───── SOURCE INFORMATION ─────

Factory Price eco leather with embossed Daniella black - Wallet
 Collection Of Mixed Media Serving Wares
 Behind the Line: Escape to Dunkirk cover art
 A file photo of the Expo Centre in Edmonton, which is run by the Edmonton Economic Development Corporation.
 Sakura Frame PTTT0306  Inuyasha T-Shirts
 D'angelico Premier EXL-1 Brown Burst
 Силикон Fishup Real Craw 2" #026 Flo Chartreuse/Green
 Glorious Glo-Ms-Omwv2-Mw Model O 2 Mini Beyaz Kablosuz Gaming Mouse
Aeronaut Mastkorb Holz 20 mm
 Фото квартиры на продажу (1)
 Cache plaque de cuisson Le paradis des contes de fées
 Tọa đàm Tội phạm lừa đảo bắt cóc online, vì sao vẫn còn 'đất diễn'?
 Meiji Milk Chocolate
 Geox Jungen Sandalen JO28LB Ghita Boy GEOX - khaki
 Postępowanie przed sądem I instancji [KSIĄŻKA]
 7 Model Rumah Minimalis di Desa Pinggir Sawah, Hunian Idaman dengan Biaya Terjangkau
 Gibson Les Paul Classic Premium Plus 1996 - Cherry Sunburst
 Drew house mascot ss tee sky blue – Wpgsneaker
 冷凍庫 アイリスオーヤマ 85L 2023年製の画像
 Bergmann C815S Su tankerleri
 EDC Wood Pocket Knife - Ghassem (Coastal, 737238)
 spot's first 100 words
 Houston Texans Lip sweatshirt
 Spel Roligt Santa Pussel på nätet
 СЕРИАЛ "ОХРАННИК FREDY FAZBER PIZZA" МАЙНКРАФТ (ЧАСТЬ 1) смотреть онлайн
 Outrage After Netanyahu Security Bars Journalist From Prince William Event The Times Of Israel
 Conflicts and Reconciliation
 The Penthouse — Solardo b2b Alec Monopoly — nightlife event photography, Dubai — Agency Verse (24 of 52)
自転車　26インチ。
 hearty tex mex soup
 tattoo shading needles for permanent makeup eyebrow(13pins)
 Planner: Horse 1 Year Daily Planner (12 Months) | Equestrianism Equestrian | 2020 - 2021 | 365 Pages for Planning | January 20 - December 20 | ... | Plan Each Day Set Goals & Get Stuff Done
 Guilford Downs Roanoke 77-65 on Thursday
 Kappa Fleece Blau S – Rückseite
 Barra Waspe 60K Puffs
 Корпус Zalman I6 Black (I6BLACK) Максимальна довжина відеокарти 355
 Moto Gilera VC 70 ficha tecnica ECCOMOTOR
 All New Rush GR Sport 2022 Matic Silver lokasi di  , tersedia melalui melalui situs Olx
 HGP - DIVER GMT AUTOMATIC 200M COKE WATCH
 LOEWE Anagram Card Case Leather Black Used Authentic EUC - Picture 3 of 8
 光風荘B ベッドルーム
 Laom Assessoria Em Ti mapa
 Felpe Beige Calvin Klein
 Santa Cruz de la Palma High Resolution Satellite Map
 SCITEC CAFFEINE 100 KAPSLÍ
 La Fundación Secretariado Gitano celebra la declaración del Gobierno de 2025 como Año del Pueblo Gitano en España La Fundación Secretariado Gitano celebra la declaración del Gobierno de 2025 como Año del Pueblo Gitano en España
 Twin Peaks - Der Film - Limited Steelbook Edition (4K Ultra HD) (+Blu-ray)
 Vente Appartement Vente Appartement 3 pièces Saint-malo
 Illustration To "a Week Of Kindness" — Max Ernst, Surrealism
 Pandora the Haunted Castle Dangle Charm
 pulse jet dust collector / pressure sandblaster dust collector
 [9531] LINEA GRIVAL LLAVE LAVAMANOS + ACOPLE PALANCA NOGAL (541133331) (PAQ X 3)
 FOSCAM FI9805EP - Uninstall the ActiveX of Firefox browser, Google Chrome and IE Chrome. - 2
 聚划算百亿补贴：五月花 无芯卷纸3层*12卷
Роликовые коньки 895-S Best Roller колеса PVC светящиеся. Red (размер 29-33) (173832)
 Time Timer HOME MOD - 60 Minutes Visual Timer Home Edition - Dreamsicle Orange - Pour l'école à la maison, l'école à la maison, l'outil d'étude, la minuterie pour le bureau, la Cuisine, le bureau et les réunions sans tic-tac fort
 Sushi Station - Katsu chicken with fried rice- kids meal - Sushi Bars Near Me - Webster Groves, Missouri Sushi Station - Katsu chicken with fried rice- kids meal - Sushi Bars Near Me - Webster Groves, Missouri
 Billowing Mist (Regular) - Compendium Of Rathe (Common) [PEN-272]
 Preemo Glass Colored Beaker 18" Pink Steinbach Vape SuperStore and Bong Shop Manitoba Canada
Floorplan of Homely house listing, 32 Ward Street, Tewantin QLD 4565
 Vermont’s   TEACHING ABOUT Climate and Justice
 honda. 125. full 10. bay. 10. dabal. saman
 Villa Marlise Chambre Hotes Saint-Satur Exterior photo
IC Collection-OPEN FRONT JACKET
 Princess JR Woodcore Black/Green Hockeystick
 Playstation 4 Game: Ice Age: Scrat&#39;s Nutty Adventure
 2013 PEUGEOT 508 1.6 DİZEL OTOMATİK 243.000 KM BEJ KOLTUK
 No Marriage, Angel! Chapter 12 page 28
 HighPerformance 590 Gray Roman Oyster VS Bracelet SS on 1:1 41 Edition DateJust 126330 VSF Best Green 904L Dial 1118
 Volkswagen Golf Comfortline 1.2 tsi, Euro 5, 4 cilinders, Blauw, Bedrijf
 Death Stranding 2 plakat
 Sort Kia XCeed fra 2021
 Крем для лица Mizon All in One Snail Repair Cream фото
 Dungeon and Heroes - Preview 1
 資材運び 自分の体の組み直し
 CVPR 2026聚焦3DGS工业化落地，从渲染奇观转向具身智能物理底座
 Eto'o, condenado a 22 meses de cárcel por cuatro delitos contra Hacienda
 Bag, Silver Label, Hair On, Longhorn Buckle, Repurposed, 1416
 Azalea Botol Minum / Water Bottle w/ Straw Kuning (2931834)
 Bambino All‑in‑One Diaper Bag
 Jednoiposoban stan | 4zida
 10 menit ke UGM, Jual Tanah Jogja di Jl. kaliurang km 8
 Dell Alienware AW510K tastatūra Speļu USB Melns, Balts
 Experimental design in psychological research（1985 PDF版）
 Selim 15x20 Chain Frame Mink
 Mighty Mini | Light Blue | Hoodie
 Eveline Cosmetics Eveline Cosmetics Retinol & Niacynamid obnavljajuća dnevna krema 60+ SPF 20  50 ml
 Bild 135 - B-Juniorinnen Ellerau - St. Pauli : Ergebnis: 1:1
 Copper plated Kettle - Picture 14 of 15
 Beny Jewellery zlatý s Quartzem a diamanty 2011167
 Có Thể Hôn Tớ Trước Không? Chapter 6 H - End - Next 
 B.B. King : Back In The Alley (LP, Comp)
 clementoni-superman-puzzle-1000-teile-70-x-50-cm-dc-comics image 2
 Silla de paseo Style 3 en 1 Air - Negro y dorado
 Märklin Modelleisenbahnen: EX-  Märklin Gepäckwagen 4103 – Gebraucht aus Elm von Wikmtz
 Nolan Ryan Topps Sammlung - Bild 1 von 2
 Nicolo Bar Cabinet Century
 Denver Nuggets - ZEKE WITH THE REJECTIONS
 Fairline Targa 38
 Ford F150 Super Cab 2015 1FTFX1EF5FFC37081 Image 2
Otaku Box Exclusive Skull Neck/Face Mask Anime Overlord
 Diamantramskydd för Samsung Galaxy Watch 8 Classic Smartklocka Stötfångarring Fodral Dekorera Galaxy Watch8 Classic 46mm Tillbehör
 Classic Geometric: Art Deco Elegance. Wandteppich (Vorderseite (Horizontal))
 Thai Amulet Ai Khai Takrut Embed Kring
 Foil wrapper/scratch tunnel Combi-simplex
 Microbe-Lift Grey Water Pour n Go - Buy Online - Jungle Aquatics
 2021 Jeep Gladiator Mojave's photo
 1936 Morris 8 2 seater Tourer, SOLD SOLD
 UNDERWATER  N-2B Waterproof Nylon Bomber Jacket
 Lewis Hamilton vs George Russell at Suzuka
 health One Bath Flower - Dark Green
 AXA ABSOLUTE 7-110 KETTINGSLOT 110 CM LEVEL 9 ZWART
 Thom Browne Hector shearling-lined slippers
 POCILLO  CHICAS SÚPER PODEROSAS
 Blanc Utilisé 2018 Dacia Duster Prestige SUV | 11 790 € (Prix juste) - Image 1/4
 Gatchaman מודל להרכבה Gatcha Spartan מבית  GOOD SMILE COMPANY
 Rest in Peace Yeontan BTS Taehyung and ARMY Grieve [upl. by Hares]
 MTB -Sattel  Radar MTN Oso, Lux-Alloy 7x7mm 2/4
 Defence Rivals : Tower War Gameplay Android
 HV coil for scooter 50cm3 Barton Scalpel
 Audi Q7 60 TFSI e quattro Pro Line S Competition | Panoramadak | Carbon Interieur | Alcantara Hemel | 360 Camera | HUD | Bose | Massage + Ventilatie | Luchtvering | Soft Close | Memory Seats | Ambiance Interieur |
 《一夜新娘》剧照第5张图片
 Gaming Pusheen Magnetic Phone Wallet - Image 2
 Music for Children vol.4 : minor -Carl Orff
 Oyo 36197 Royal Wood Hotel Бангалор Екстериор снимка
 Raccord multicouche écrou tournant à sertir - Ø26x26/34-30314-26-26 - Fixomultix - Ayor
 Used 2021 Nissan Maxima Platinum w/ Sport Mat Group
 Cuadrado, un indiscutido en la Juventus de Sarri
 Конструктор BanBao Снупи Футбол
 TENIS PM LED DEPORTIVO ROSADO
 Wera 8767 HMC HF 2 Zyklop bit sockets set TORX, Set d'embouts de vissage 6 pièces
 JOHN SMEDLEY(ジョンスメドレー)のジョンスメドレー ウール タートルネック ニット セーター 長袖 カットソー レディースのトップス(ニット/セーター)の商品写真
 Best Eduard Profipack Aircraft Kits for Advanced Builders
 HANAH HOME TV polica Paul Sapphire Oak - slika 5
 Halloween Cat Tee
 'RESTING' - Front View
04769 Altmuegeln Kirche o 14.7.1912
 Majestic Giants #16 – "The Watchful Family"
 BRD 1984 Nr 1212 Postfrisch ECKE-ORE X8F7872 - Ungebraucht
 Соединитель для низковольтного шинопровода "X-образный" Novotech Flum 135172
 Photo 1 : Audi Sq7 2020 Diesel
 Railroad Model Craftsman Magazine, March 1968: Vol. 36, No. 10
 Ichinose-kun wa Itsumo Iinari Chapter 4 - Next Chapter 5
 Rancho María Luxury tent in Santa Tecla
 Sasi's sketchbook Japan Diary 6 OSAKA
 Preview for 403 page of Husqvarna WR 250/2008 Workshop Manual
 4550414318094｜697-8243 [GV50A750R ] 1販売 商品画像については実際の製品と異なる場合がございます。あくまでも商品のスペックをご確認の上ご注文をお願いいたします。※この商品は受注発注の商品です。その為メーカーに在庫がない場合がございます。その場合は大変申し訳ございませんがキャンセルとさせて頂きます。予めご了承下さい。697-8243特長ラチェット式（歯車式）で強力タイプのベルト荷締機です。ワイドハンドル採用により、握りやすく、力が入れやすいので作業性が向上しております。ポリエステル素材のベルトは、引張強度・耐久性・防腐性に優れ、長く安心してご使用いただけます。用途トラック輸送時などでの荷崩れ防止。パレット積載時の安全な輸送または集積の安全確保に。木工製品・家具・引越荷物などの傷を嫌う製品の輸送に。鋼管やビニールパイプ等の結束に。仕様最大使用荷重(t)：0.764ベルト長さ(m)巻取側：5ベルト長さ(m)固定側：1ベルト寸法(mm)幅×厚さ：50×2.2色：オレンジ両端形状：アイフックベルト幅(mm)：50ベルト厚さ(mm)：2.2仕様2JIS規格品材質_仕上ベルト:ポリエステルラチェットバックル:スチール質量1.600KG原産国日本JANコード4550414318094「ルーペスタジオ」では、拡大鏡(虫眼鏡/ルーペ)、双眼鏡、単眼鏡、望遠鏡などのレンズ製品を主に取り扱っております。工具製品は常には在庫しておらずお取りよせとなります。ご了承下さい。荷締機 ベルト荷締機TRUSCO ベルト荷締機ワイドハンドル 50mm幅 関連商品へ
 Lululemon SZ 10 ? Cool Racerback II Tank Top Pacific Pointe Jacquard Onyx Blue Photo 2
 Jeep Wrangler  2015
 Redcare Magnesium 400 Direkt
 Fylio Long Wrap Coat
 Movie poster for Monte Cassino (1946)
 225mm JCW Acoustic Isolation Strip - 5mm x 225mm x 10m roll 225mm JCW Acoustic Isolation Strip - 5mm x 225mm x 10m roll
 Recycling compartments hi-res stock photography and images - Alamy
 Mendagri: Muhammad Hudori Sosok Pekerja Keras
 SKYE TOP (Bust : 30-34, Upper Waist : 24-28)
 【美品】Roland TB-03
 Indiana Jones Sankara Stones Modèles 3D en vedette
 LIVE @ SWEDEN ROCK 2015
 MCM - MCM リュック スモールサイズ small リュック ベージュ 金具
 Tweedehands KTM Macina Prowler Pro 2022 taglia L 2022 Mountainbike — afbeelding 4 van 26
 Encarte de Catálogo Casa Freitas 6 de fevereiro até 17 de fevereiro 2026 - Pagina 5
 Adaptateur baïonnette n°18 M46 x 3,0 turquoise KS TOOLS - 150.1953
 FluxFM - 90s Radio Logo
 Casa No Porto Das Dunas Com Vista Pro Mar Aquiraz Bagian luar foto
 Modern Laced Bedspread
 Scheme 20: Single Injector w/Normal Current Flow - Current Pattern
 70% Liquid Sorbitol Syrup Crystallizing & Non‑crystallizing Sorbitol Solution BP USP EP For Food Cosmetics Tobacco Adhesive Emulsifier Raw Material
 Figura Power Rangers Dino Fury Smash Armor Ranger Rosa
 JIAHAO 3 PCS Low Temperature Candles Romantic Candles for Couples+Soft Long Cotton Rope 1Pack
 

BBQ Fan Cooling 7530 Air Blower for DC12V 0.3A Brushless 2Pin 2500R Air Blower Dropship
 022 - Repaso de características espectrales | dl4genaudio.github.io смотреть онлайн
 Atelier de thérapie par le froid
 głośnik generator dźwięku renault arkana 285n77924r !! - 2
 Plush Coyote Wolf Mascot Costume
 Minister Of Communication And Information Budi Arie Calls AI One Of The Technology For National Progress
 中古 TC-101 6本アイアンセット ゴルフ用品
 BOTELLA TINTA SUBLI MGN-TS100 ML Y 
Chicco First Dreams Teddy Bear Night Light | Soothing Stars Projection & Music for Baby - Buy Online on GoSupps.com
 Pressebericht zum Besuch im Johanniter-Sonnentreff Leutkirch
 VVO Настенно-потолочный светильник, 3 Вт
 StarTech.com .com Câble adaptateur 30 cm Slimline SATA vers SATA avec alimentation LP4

─────

● **INSTRUCTIONS FOR THE TASK**
After locating the line that contains "Casa No Porto", output it and the remaining lines of the material above, exactly as they read.

● **PROBLEM SOLUTION**
 Casa No Porto Das Dunas Com Vista Pro Mar Aquiraz Bagian luar foto
 Modern Laced Bedspread
 Scheme 20: Single Injector w/Normal Current Flow - Current Pattern
 70% Liquid Sorbitol Syrup Crystallizing & Non‑crystallizing Sorbitol Solution BP USP EP For Food Cosmetics Tobacco Adhesive Emulsifier Raw Material
 Figura Power Rangers Dino Fury Smash Armor Ranger Rosa
 JIAHAO 3 PCS Low Temperature Candles Romantic Candles for Couples+Soft Long Cotton Rope 1Pack
 

BBQ Fan Cooling 7530 Air Blower for DC12V 0.3A Brushless 2Pin 2500R Air Blower Dropship
 022 - Repaso de características espectrales | dl4genaudio.github.io смотреть онлайн
 Atelier de thérapie par le froid
 głośnik generator dźwięku renault arkana 285n77924r !! - 2
 Plush Coyote Wolf Mascot Costume
 Minister Of Communication And Information Budi Arie Calls AI One Of The Technology For National Progress
 中古 TC-101 6本アイアンセット ゴルフ用品
 BOTELLA TINTA SUBLI MGN-TS100 ML Y 
Chicco First Dreams Teddy Bear Night Light | Soothing Stars Projection & Music for Baby - Buy Online on GoSupps.com
 Pressebericht zum Besuch im Johanniter-Sonnentreff Leutkirch
 VVO Настенно-потолочный светильник, 3 Вт
 StarTech.com .com Câble adaptateur 30 cm Slimline SATA vers SATA avec alimentation LP4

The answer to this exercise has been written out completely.